Резкой границы между двумя этими ипостасями не вижу. Многие факты и я добывал, подобно историкам, в архивах и научных изданиях. Но историки тоже, как и я, обращаются при случае к мемуарам, краеведческим публикациям, не пренебрегают вообще никакими источниками, из которых можно извлечь полезную информацию по теме. При этом историческая наука тесно граничит с публицистикой: ведь и для ученых-историков, в конечном счете, важно не только то, «как оно было на самом деле», но и «что из этого следует». «Historia est magistra vitae» – формула древняя, но ее и сегодня почитают своим девизом даже те представители профессии, кто подчеркивает свою приверженность «фактам и только фактам» и избегает «философии».

 

Тем не менее, я считаю необходимым публицистическую природу своей книги подчеркнуть. Разница – в понимании целей и средств. Я, как вы увидите, перейдя к следующим страницам, не стремился встроить свое сочинение в «научную парадигму», мне важнее было найти живой отклик у так называемого широкого читателя. Широкого не в количественном (при нынешних-то тиражах!), а в качественном плане. Такого, который не следит за дискуссиями в специальных исторических изданиях, но обладает некоторой эрудицией, здравым смыслом и желанием «самому разобраться». Ему, я думаю, не так уж важно, ввожу ли я «в научный оборот» новые факты или выстраиваю в новом порядке то, что известно всем, – важнее, интересно ли ему обсуждать загадки истории вместе со мной. (Вот почему я не слишком забочусь об исправности «научного аппарата», хотя, когда случается привести факт «не расхожий», ссылку на источник обычно делаю.) Не избегаю и аллюзий с современностью, если таковые по ходу рассуждения напрашиваются, ибо самый смысл обращения сегодняшнего человека к истории заключается в том, чтобы лучше понять себя в отношении нынешнего дня.

При этом рассчитываю не на единомышленника (с которым, как некогда остроумно заметил Ю.М. Лотман, говорить проще, но не о чем), а заинтересованного оппонента, ибо в споре рождается истина.

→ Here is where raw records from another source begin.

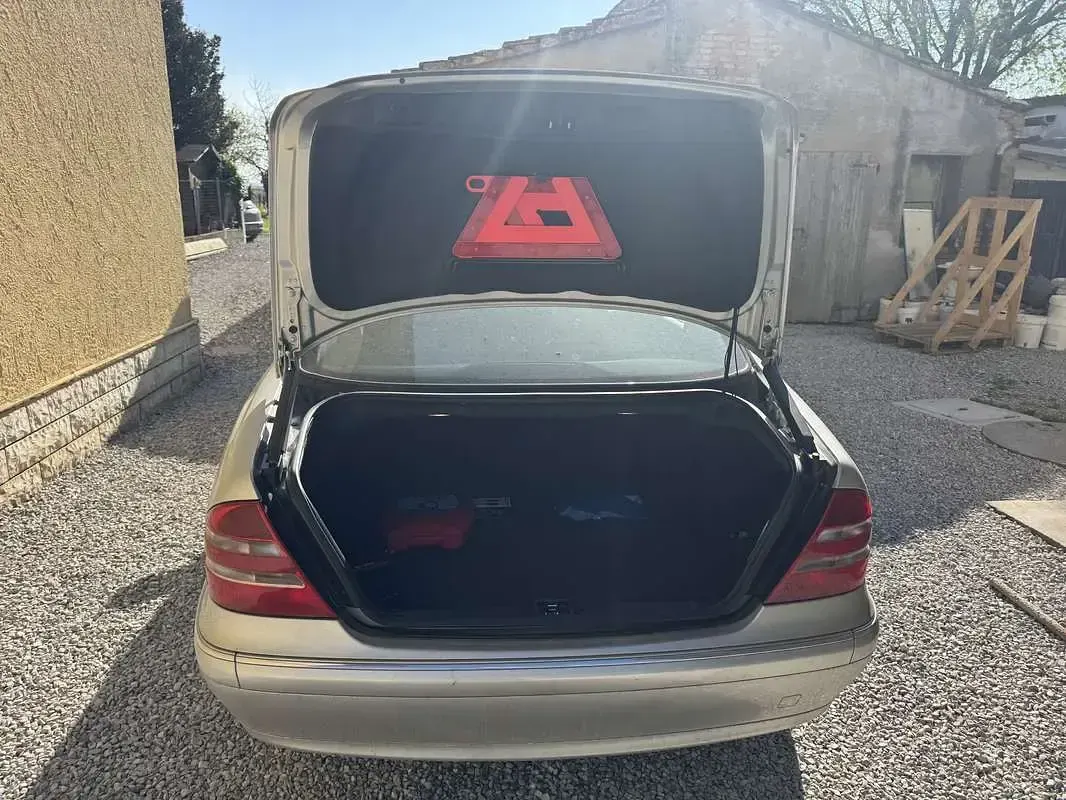 Usata Mercedes S320 224 CV (164 kW) 1999 Grigio Berlina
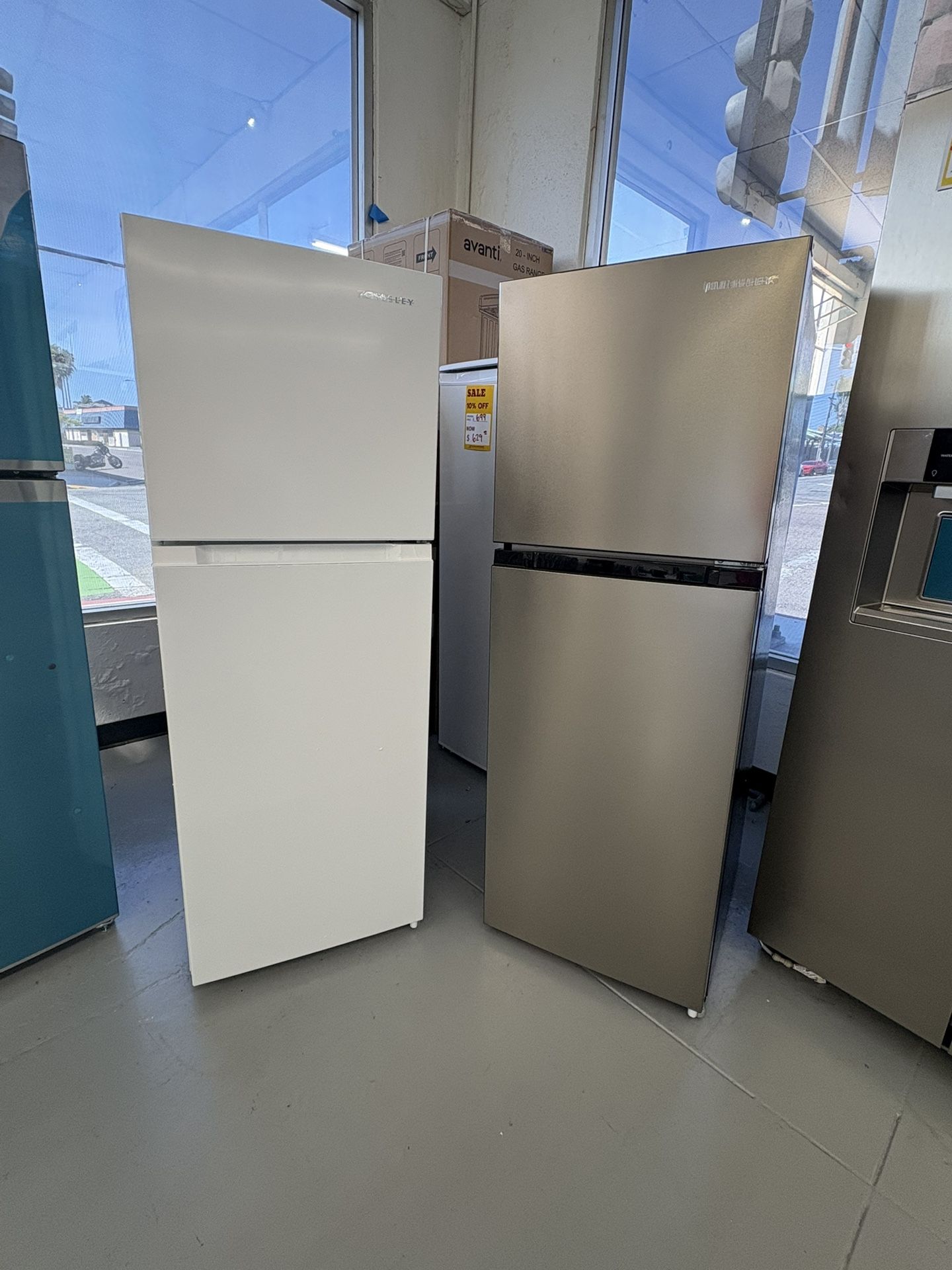 Crosley 22” 10.1 Cu Ft Capacity Refrigerator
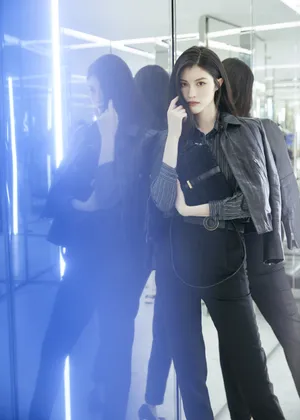 何穗时尚干练写真图片_1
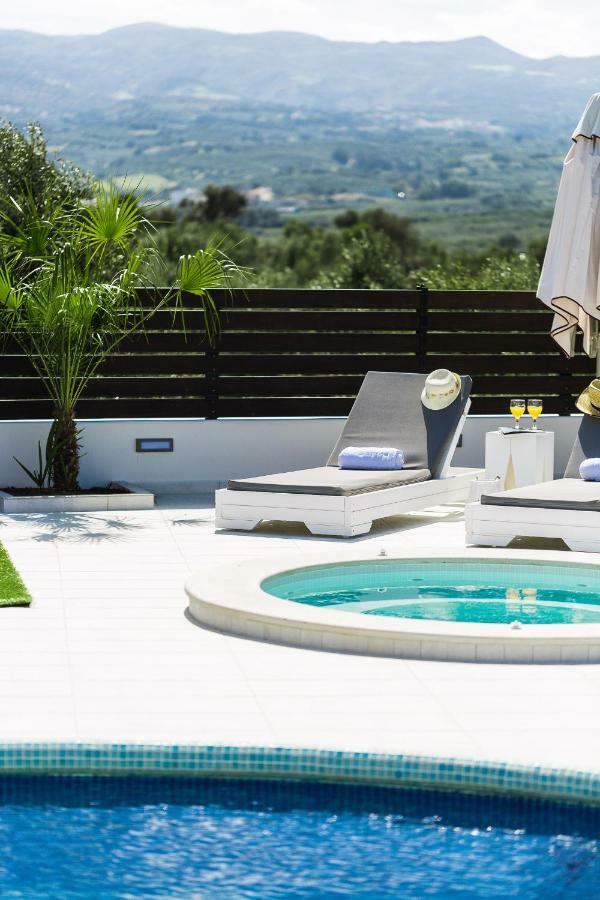 Caramel Villa, With 40M2 Pool & Spa Whirlpool, By Thinkvilla Pánormos Buitenkant foto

1 Великая Отечественная война 1941–1945. Энциклопедия. М.: Сов. энциклопедия, 1985. С. 891.
2 Эта цифра чаще всего встречается в литературе. Но в фундаментальном историческом исследовании (Великая Отечественная война 1941–1945 годов. В 12 т. Т. 7. М. 2013. С. 127) говорится даже о 19–20 миллионах.
3 Вознесенский Н.А. Военная экономика СССР в период Отечественной войны. М., 1948. С. 42–43.
4 Цит. по: Великая Отечественная война 1941–1945 годов. В 12 т. Т. 7. С. 118.
5 Бухаркина О.А. «Из разоренного врагами края…». Сражения на западе страны заставили людей искать помощи на Урале // Уральский рабочий. 2014. 17 июля.
6 Вознесенский Н.А. Военная экономика СССР в период Отечественной войны. С. 10.
7 Жуков Г. К. Воспоминания и размышления. В 3 т. Т. 2. М., 1985. С. 47.
8 Великая Отечественная война. 1941–1945: энциклопедия. С. 801.
9 См. об этом публикацию в Интернете: Ермолов А.Ю. Эвакуация предприятий советской тяжелой промышленности в 1941 г. – уникальное историческое явление или масштабная неудача?